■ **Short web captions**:
-------

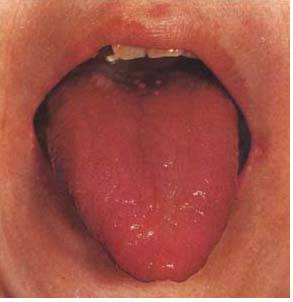 61 High-Definition Tongue Diagnosis Charts with Visual Comparisons
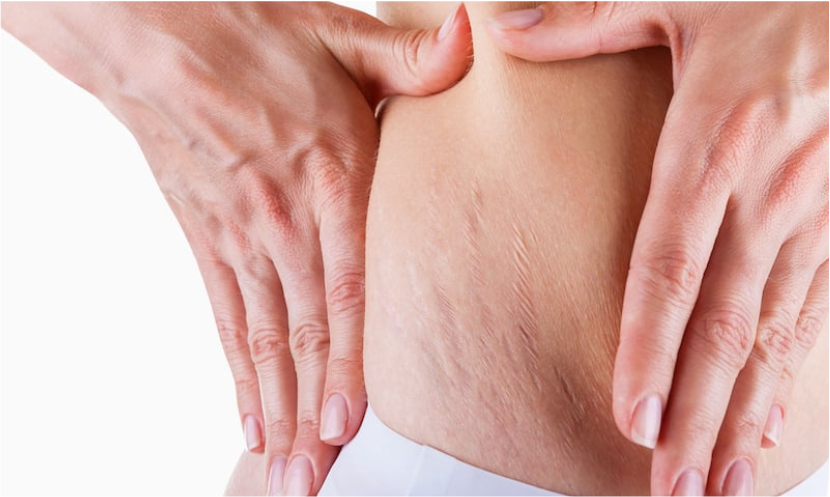 Vergeture
Le microneedling et le nano fractionnel réduisent les vergetures, raffermissent et réparent les dommages cutanés.
En savoir plus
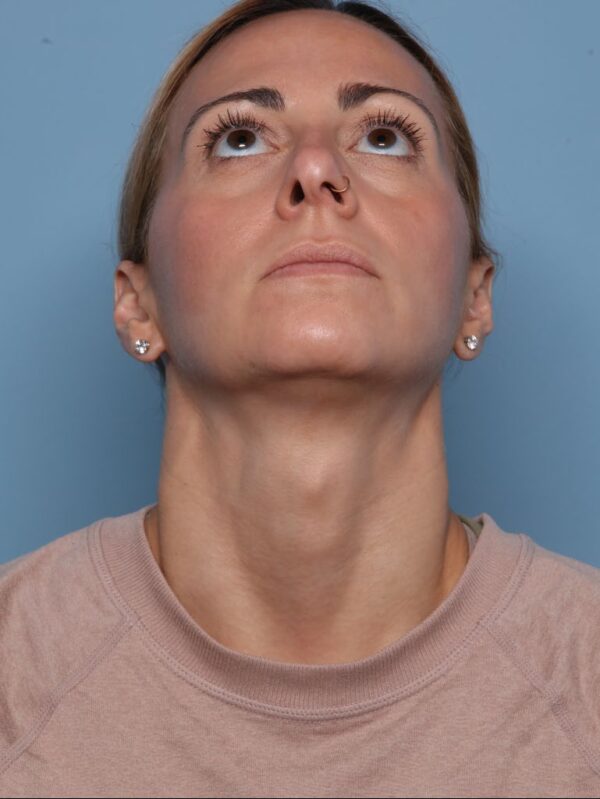 Rhinoplasty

-------

■ **What you have to do**: Retype the data above exactly. Do not carry over any images.

■ **Solution for this exercise**:
 61 High-Definition Tongue Diagnosis Charts with Visual Comparisons
 Vergeture
Le microneedling et le nano fractionnel réduisent les vergetures, raffermissent et réparent les dommages cutanés.
En savoir plus
 Rhinoplasty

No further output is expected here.